Studies by various research organizations across the United States, Canada and Europe in 2008 show more than 13 percent of employees are bullied in their workplace, while 24 percent have experienced being bullied in the past.
The studies also show more than 12 percent of employees constantly witness others being bullied, while on the whole, one in 10 employees experiences workplace bullying on a regular basis.
As with schools, the workplace also has its bullies. And while it may seem harmless at first glance, office bullying has been categorized as one of the more damaging aspects of corporate culture. Because of this, several countries have passed legislation on the issue - Australia, Canada, Ireland, the United States, the United Kingdom and Sweden are among those who recognize office bullying as a health and safety threat to employees.
Ratih, however, says there has to be a clear definition of what constitutes 'office bullying' before action can be taken against it.

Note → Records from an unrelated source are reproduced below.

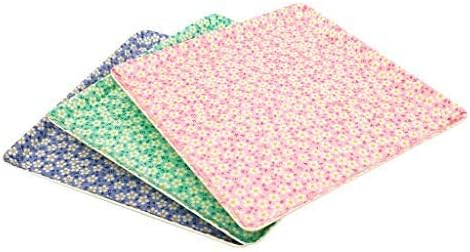GWPP 10.5" x 10.5" x 3/4" Melamine Plastic Shallow Floral Breakfast Serving Tray, Set of 3 Small Tray in 3 Colors for Restaurant or Picnic Camping (Shallow Floral Colorful Mixing)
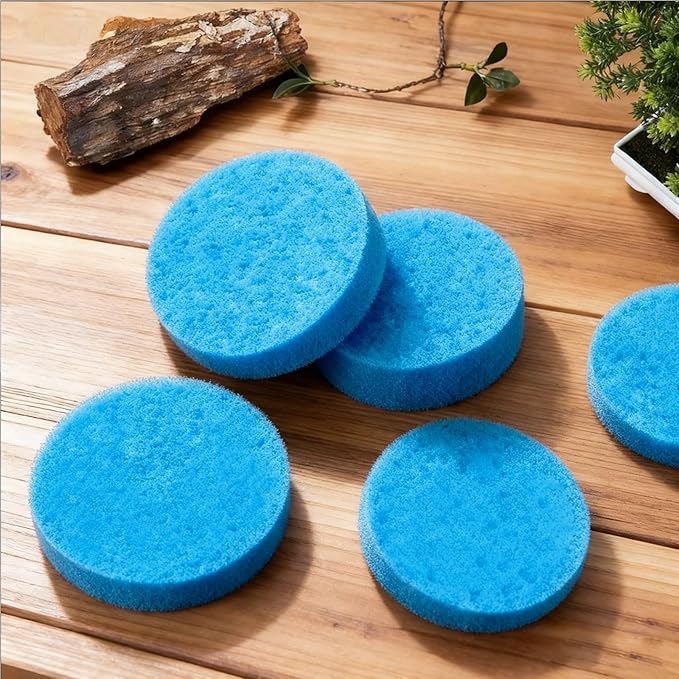 SaferCCTV 24Pcs Fine Filter Water Polishing Pads Compatible with Fx4, Fx5, Fx12, Aquarium Filter Canister Filter Cotton Replacement Pad, Blue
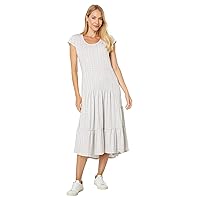 Tommy Hilfiger Women's Tiered Stripe Midi Dress, Khaki Multi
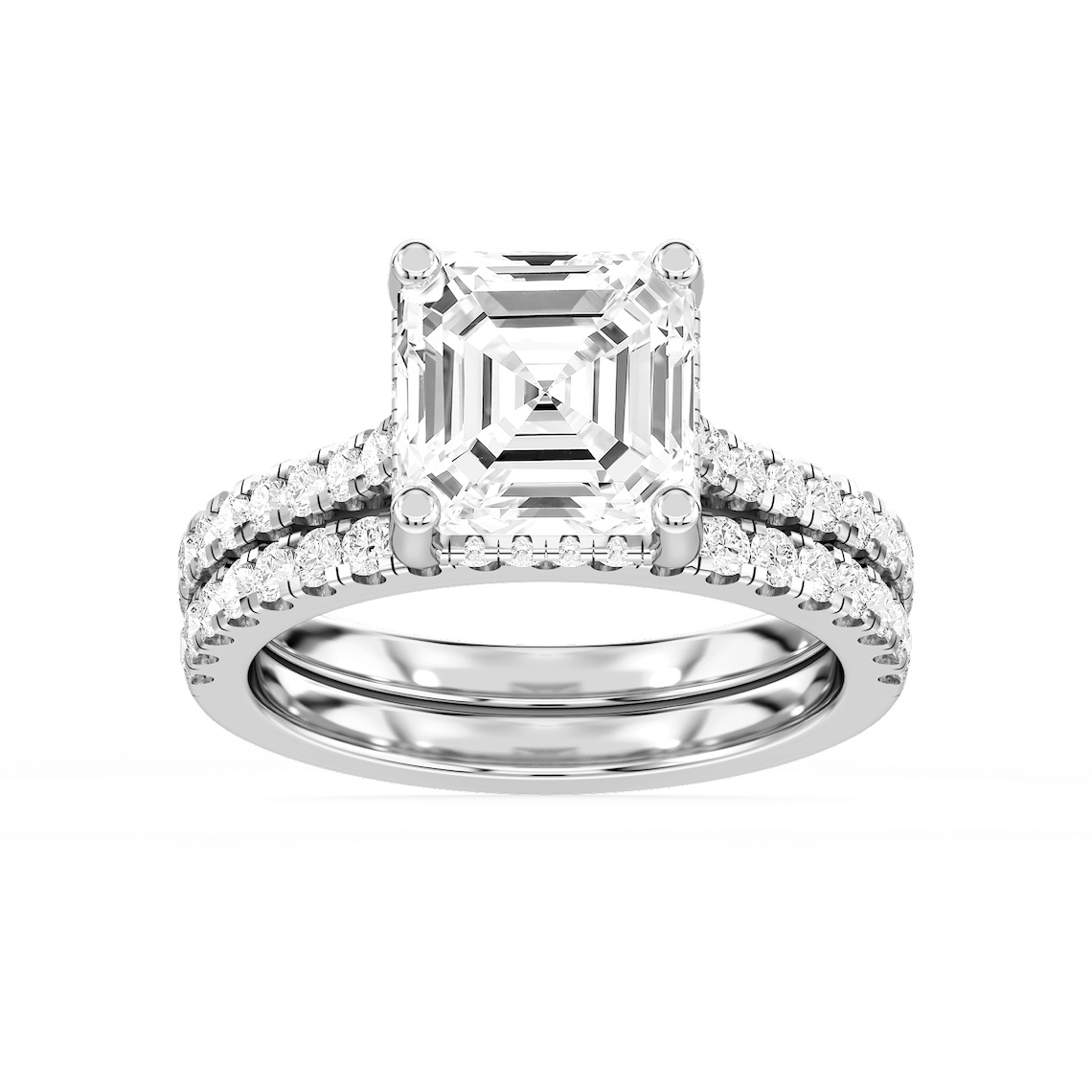Marjorie 4 ¾ ctw Asscher Lab Grown Diamond Classic Prong Hidden Halo Bridal Set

'Sometimes what happens is we project ourselves as victims of office bullying, when in fact we've allowed all this unfair treatment of ourselves to continue,' she says. 'We can choose to take a stand, and if we don't then the responsibility lies with us. In my experience, the problem usually comes from ourselves, and not from other people.'
MAKING IT WORK
Psychologist Ratih Ibrahim offers advice on staying sane in the modern workplace.
Know your limits
It's always good to stretch and see how far you can go beyond your regular duties and responsibilities at work, but remember to keep your efforts within reasonable limits. Knowing your strengths and weaknesses is pivotal in any workplace, especially when there's a bully watching from a distance and waiting to pounce on you the first chance they get.
Keep it real
Maintain a balance between work and play. Keeping things real at work is one way to keep you grounded regardless of the workload you have or the stress it's causing you. It doesn't mean you have to take a skeptical view of your office environment or, even worse, become apathetic. It means you have to create an internal harmony within yourself that allows you to see your personal and professional self as one entity.
Row your own boat
Many renowned leaders will attest to the fact that leading others is an impossible job; but it's far more impossible to lead yourself. Acquiring the right sense of self-leadership is an important milestone in self-development, because it means we're able to exercise control over our desires, wants and impulses. Once we've acquired this ability, concentrating on the work at hand becomes easy, as does performing passionately and efficiently.
A pat on the back
Self-respect is not the same as narcissism. And giving yourself a pat on the back every once in a while doesn't always translate into vanity. It's important for you to recognize your own value, rather than try to suppress it to be more like others. Having self-respect means knowing when to give others the benefit of the doubt, and give yourself some much-deserved credit. Bullies love it when their victims can't tell the difference between self-respect and vanity ' that's why they always flaunt their strengths in your face.